When I was first working out the pattern of the cycles, I devoted a lot of attention to these shifts in worldview. I found that each one occurs at the tail end of a romantic break and sets the emotional and intellectual tone for the entire era that follows. These changes are largely independent of the interaction of the visions, which is why I eventually lost interest in them. However, I see now that in addition to their stylistic elements, they also mark the point at which the two youngest visions start to impinge on public consciousness.
One such transition occurred between 1951 and 1956 and established the distinctive style of the late 20th century. In those years, ecology was first popularized by Rachel Carson’s bestseller The Sea Around Us (1951), while the modern civil rights movement got under way with Brown vs. Board of Education (1954) and the Montgomery bus boycott (1955-56).
That was also when Baby Boomer culture was born. Television took over the American living room, rock ‘n’ roll burst onto the airwaves, transistor radios were introduced, and blue jeans and t-shirts became a standard youth uniform.
But although the 1950s linger in the cultural memory as a Golden Age, they were also a time of oppressive complacency and conformity. Dissent was either mocked or demonized and real change remained impossible until the next crisis hit in the early 1960s.

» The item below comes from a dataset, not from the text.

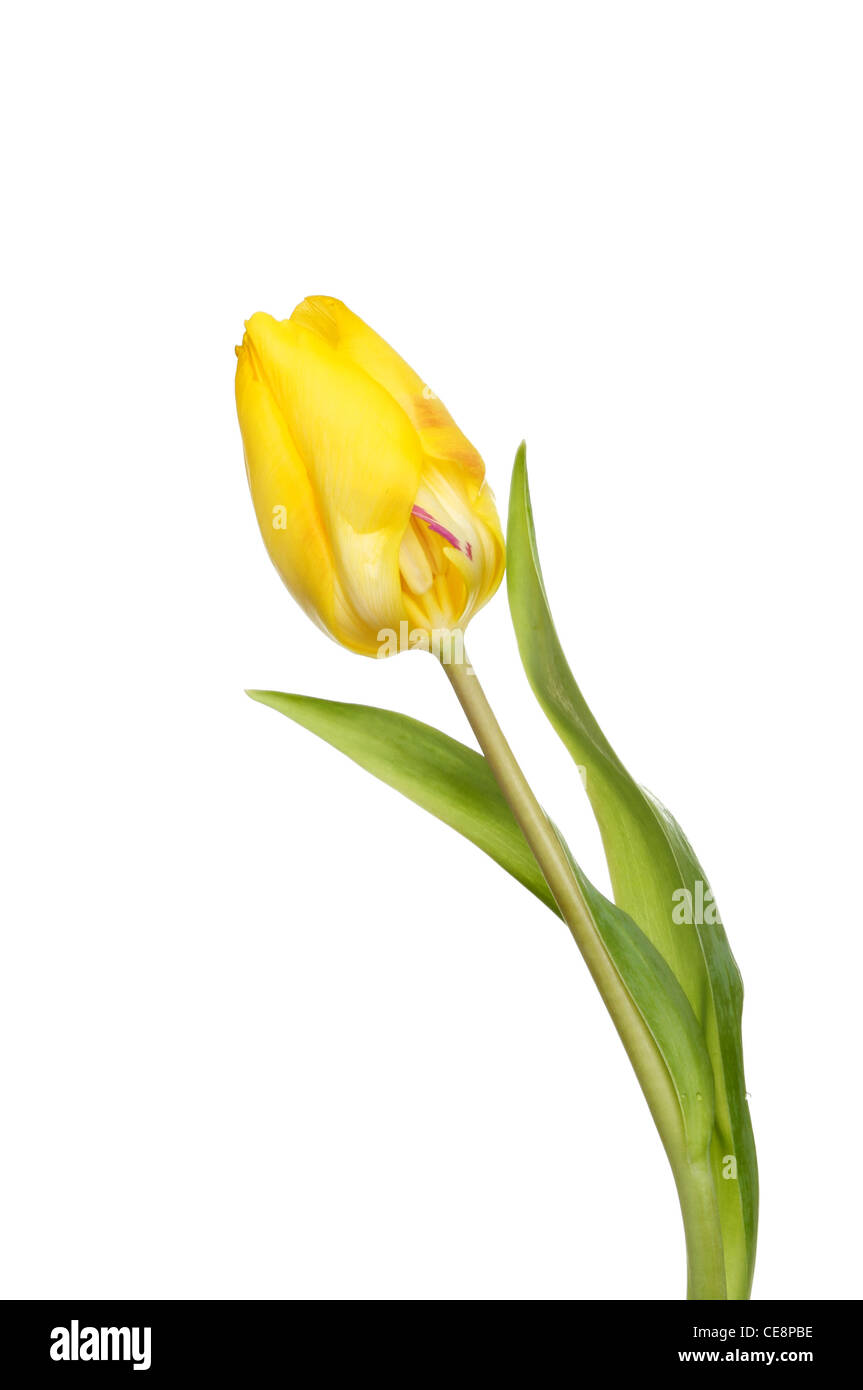 Yellow tulip flower and leaves isolated against white Stock Photo - Alamy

A similar pattern of encouraging but superficial changes can be seen in the mid-to-late 1990s. The internet was altering generational attitudes much as television had 45 years earlier. It was the heyday of the tech bubble and of economic good times that were expected to go on forever. But at the same time, serious discontent was being suppressed and financial deregulation and welfare reform were destroying the ability of the system to respond flexibly to the next disaster.
So now we find ourselves in one more period of crisis. Existing institutions are crumbling. Radical solutions are being proposed and sometimes even adopted. But in many ways we’re only at the start, and we have a long stretch of accelerating collapse ahead of us before we come out the other side.